Having the biggest hit in four years wasn't enough to save ABC's new drama Lucky 7, which opened to just 4.6 million viewers at 10 p.m. and a just plain sad 1.3 rating in the demo. Perhaps ABC's plan is to be patient and hope folks catch up with the series in the coming weeks, but that seems unlikely given the flood of new shows out there. But Lucky got virtually no promotion from ABC — which was betting viewers would just stay tuned to it all night after watching S.H.I.E.L.D. — and also generated terrible reviews. It's hard to understand why ABC even bothered spending money on the show, rather than simply sucking it up and ordering more episodes of a middling performer such as Body of Proof. Meanwhile, the so-so numbers for the very funny new ABC comedy Trophy Wife (6.6 million, 2.3) don't really make it a loser; indeed, it easily beat Fox's established The Mindy Project (3 million, 1.5 demo) and did better than the comedies ABC aired on Tuesday last season. But given the big lead-ins from S.H.I.E.L.D. and Goldbergs, the numbers can't be seen as all that great, either.

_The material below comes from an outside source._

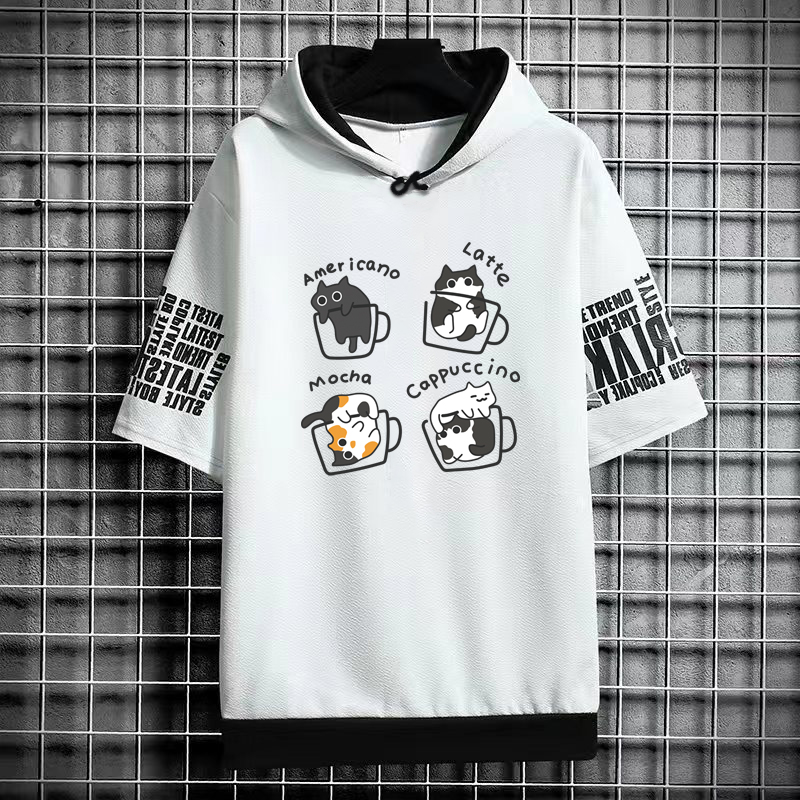 Harajuku Men's T-Shirt Hoodie  - огляд і ціна Women'S Fashion Zip Hoodie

Meanwhile, the influx of new competition pummeled Fox's Tuesday comedy block. After an okay debut last week, Dads (3.7 million, 1.5 demo) and Brooklyn Nine-Nine (4 million, 1.8 demo) tumbled 30 percent from their debuts; New Girl (4.1 million, 2.1 demo) suffered a similar drop. The Mindy Project actually had the smallest week-to-week decline, but it still tied Dads to score the lowest demo numbers of any of the Fox comedies. Fox execs have to be praying all four shows bounce back in the next two weeks, once folks have sampled ABC's new wares and The Voice shrinks to an hour.
ABC had the best debut of the night, but Tuesday's biggest winner is NBC. The Voice won't be two hours every week, and if history is a guide, the show's ratings will decline notably over the next few weeks. But once The Voice settles into its regular 9 p.m. slot, it should continue to provide a great lead-in to Chicago Fire, the little Dick Wolf drama that could, and allow the Peacock to win at two of three hours on Tuesday. ABC, however, still has reason to be happy: If S.H.I.E.L.D. can hold onto 80 percent of its premiere ratings over the next few weeks, it will qualify as a major success. And with New Girl and NCIS: LA softening at 9 p.m., there's an opportunity for The Goldbergs to become a comedy anchor. ABC could then afford to be patient with Trophy Wife. It will almost certainly have to find something new for 10 p.m. before November, however.